Claire’s eyes widened as she connected the dots. “I would think that had less to do with my clothes and hair than with the
branch’s ability to market to the new residents.”

“It’s the black, you see.” Margot unclasped her hands and laid them flat on the blotter, as if to suppress what she’d just
said. “Folks have been reading about your group’s customs in the papers, and you’re being associated with this man Phinehas
by the way that you dress. He’s clearly a criminal. Not only that, there was a child abuse case in the papers awhile ago,
and this is bringing that up again. It’s bad for the bank.”

“But I have nothing to do with Phinehas or the other case!” she protested. “I just told you, I think he deceived everyone.”

“Yes, but prospective investors with our bank don’t know that. In the last few weeks I’ve had four prospective clients tell
me they’d rather bank ten miles away in Plum Valley because they don’t want to bank where the employees belong to a group
that harbors criminals. One corporate account has pulled out and another is threatening to go to Pitchford. I know it’s harsh,
but I need to ask you to modify your appearance. To keep people from making the connection they’re making.”
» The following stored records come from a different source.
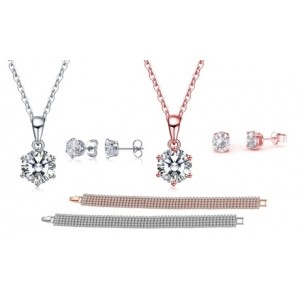 promo Parure de bijoux fabriquée avec des cristaux Swarovski® : 1 / Argent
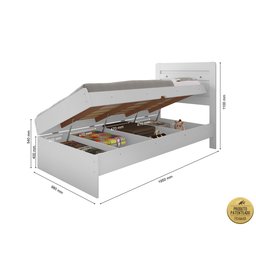 Cama Solteiro Reforçada com Baú Interno Larissa Mdf/mdp Branca - 3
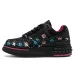 Mens Retro Durable Green Skate Shoes With Brown Trim And Allover Print_vogvips.com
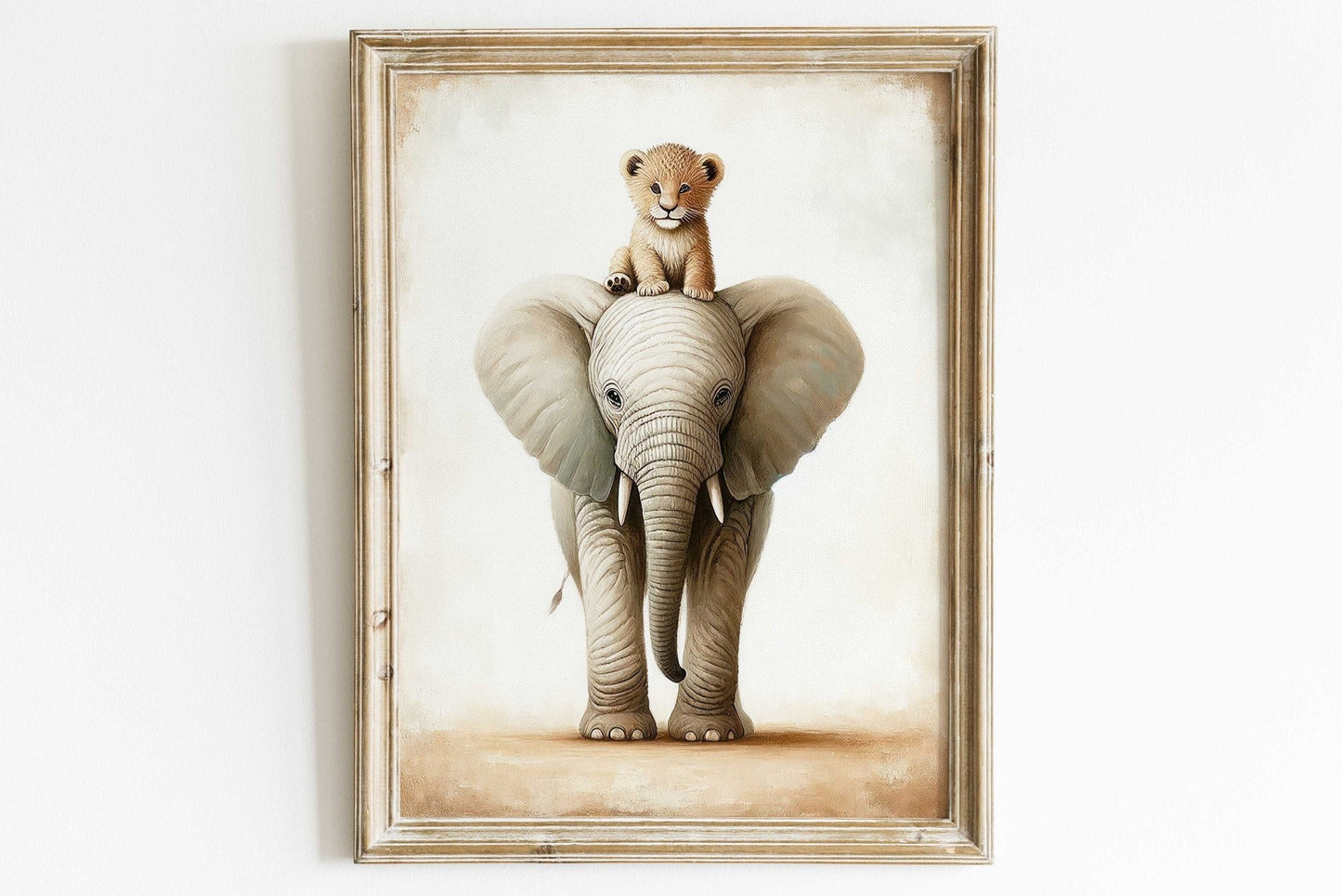 Elephant & Lion Nursery Wall Art, Safari Animal Room Decor, Cute Prints - WildfieldPrints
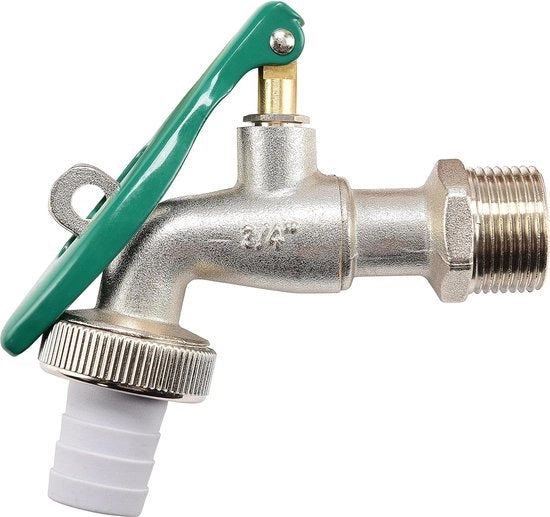 Valvola a pallini 3/4 pollici con connessione a tubo - chiusura a manopola in ottone - ideale per esterno/tap a terra per lavatrice/tap/valvola di chiusura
“Margot, I don’t think you can ask me to do that. It’s not legal. If I were from India, you couldn’t ask me not to wear a
sari. The principle is the same.”

“Yes, but if you were wearing a sari it wouldn’t associate you with a rapist and a group that is clearly supporting him in
large numbers.” Margot’s voice had lost its usual smooth calm. “I don’t want to do this, Claire, but the success of this branch
is on my shoulders. The law clearly states that if an employee is creating an undue hardship on the business, that employee
can be terminated.”

“Terminated?” Her own voice was a terrified squeak.

“Please. Tell me you’ll go shopping and get some new things, and you’ll do something different with your hair. I won’t insist
on makeup or jewelry. Just those two things that will break the connection. What do you say?”

What on earth could she say? Suddenly Claire knew what the Christians must have felt like when the Romans demanded they recant
or be fed to the lions. How many sermons had she sat through where the Shepherds had urged the congregation to turn the other
cheek, to take rejection for the gospel’s sake, even as Jesus did? Well, here was her opportunity, but somehow the feeling
of being uplifted in righteousness was missing. She just felt flattened and scared and misunderstood.

“Can I have some time to think about it?” she asked.

“Why would you need time? A simple yes or no is all I need.”

She needed counsel. She could talk to Owen or Rebecca. She couldn’t just make a decision like this on her own. It was a matter
of her example, and that meant her salvation.

Maybe she could talk to Luke Fisher. He would know all about being between a rock and a hard place, and he would certainly
know how Owen and the other Elders felt about—

“Claire, I need an answer,” Margot said sharply. “My regional manager is breathing down my neck on this one.”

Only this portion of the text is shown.